┌─ RECORDS TO USE

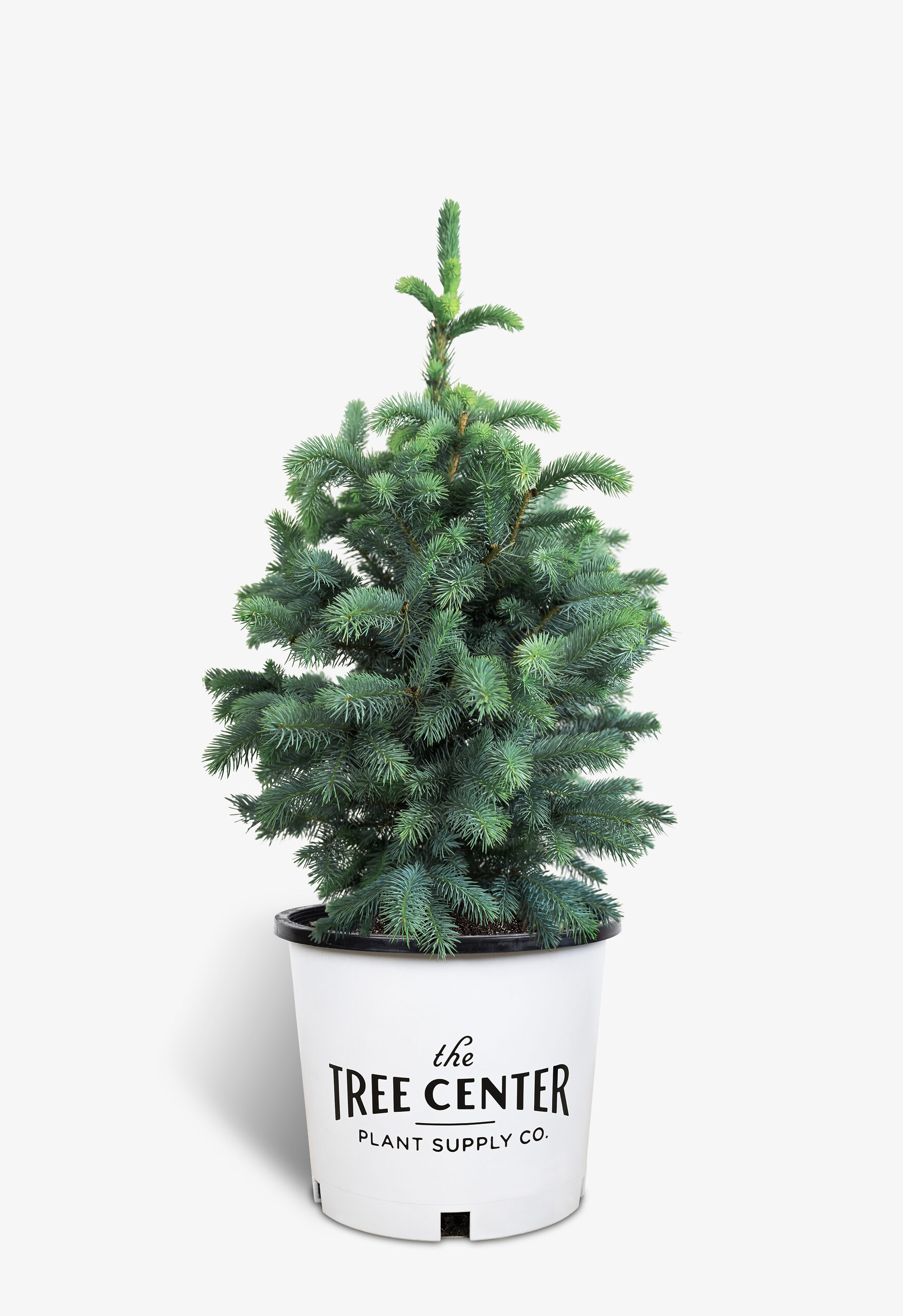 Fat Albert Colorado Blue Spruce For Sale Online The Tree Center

└─
┌─ RECORDS TO USE

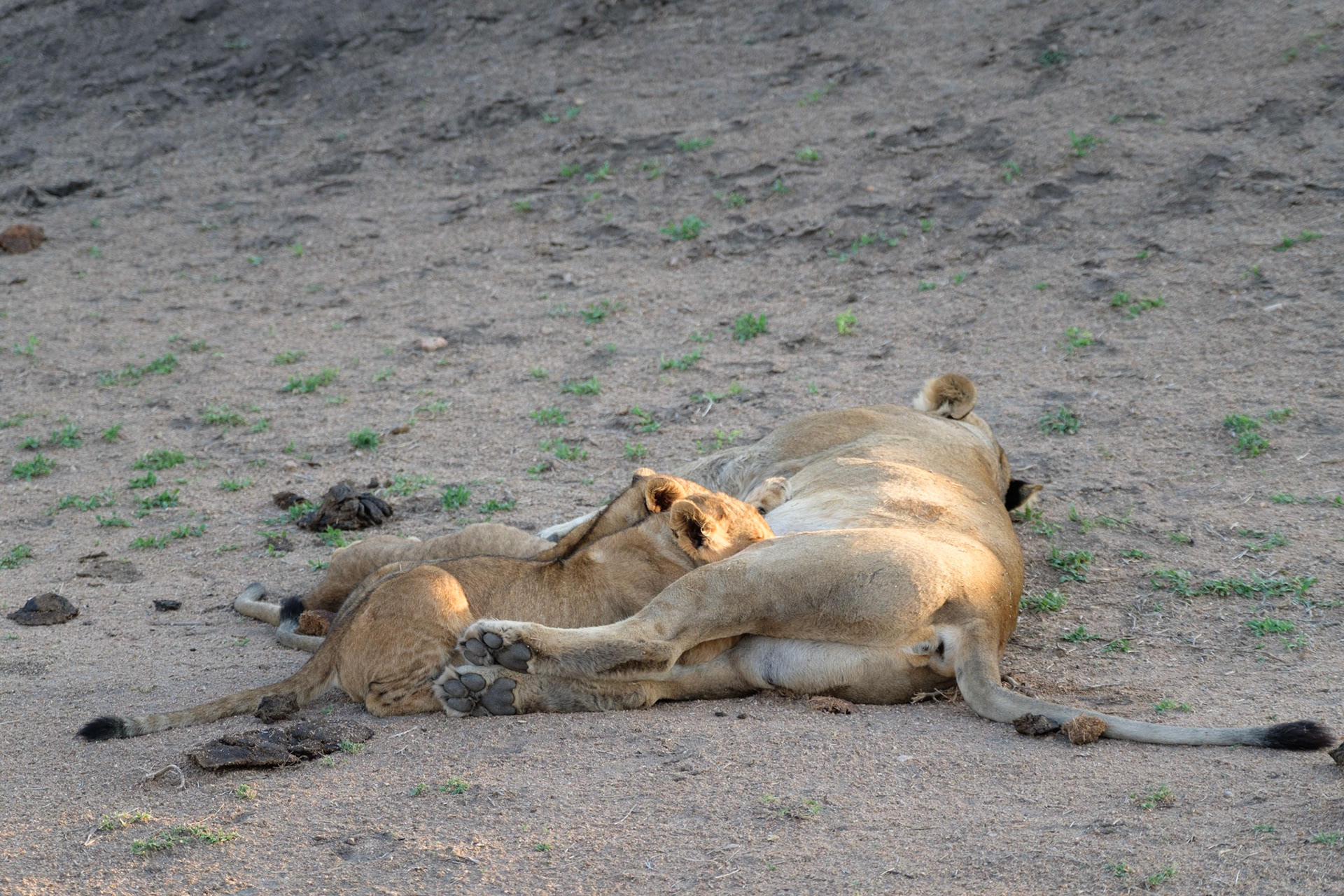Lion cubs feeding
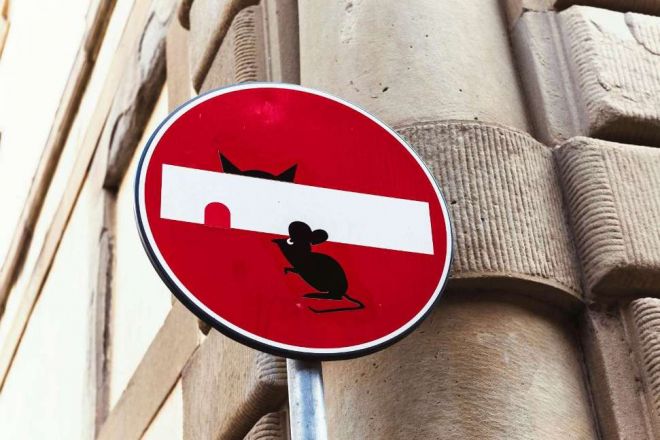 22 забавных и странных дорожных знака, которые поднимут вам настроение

└─

▸ **YOUR TASK**:
Repeat, without pictures, exactly the lines of the data above from the one containing "Lion cubs feeding" through the one containing "22 забавных и", including both and adding nothing.

▸ **TASK ANSWER**:
Lion cubs feeding
 22 забавных и странных дорожных знака, которые поднимут вам настроение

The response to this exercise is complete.